Source records:
******

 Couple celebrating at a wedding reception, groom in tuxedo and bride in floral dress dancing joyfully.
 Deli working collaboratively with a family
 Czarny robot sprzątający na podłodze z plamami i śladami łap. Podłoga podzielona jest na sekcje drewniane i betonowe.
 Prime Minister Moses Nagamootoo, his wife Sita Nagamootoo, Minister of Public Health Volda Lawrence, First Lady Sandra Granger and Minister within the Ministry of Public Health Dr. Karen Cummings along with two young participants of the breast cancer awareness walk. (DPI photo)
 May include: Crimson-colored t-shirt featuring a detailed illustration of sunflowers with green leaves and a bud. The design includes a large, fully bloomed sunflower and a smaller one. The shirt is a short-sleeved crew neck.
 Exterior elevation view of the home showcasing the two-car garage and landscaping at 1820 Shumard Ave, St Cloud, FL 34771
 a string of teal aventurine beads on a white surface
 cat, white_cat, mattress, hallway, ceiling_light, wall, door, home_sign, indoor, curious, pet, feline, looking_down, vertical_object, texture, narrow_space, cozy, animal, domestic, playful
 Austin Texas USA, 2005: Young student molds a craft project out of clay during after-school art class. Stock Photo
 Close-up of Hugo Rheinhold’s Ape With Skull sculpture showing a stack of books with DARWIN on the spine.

******

What you will do: In the entries above, one line contains "Exterior elevation view" and another contains "a string of". Reproduce exactly those two lines and the lines between them, nothing else.

Answer to the problem:
 Exterior elevation view of the home showcasing the two-car garage and landscaping at 1820 Shumard Ave, St Cloud, FL 34771
 a string of teal aventurine beads on a white surface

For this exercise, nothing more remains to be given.